## Problem details
Could you give the data that follows again exactly, without its pictures?

## Image-text web data
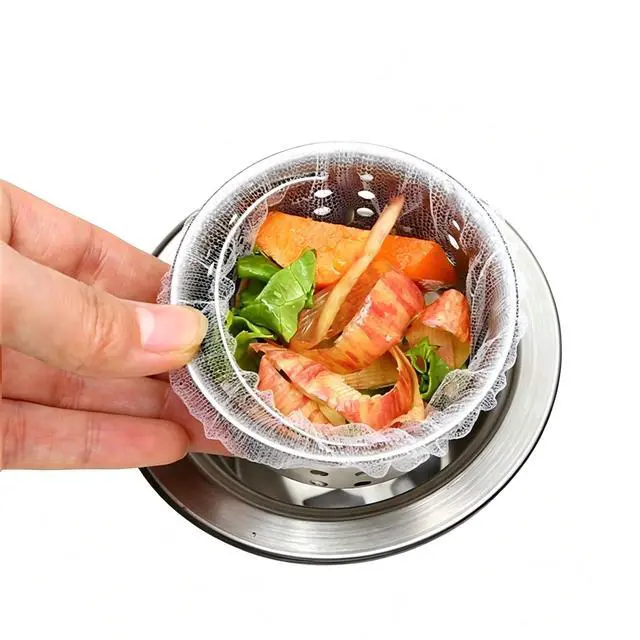 Main image of Sink Strainer Bags, 300 Count Disposable Kitchen Sink Drain Mesh Bags | Elastic Fine Net Filter, For Food Waste, Universal Fit for Most Sink Strainers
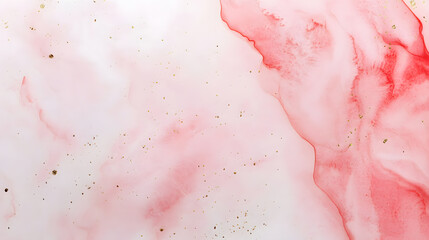 Fototapeta premium A stylish abstract card design featuring a pink watercolor wash with subtle gradients and organic textures. The soft, flowing pigments create a tranquil and delicate aesthetic. Gentle gold speckles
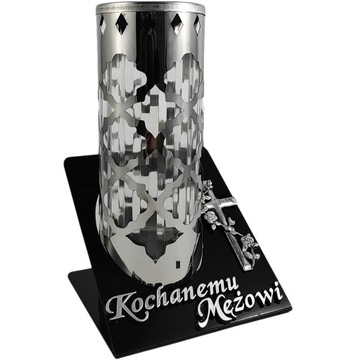 Znicz lampion metalowy z dedykacja dla Męża Kochanemu Mężowi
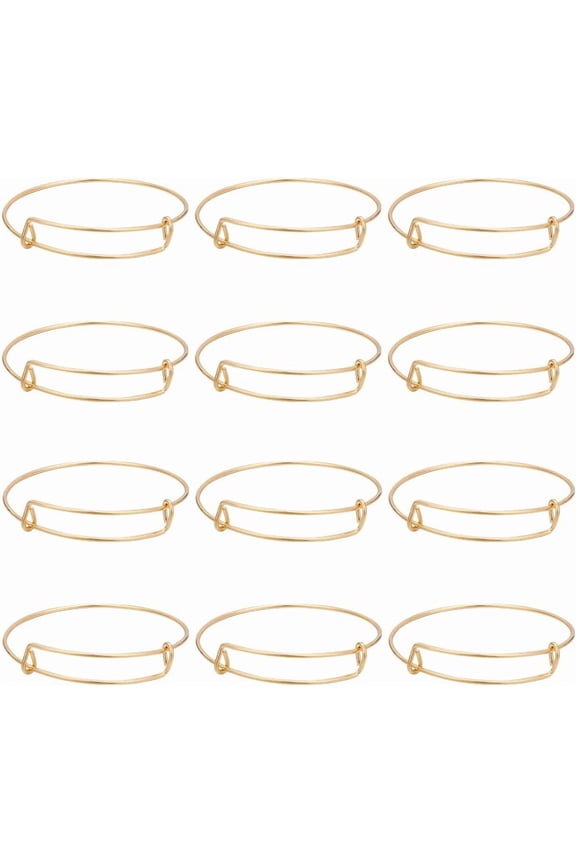 12Pcs Gold Expandable Bangle Adjustable Wire Bracelets Stainless Steel Blank Metal Stackable Bracelet Cuff Set for Jewelry Making Charms Bulk DIY Crafting Supplies Women Adults Beginner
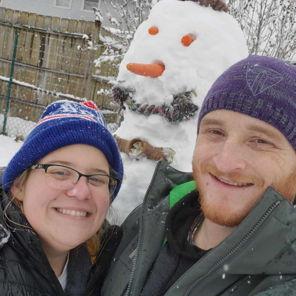 Our first snowman, made from dog toys of course!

## Task result
 Main image of Sink Strainer Bags, 300 Count Disposable Kitchen Sink Drain Mesh Bags | Elastic Fine Net Filter, For Food Waste, Universal Fit for Most Sink Strainers
 Fototapeta premium A stylish abstract card design featuring a pink watercolor wash with subtle gradients and organic textures. The soft, flowing pigments create a tranquil and delicate aesthetic. Gentle gold speckles
 Znicz lampion metalowy z dedykacja dla Męża Kochanemu Mężowi
 12Pcs Gold Expandable Bangle Adjustable Wire Bracelets Stainless Steel Blank Metal Stackable Bracelet Cuff Set for Jewelry Making Charms Bulk DIY Crafting Supplies Women Adults Beginner
 Our first snowman, made from dog toys of course!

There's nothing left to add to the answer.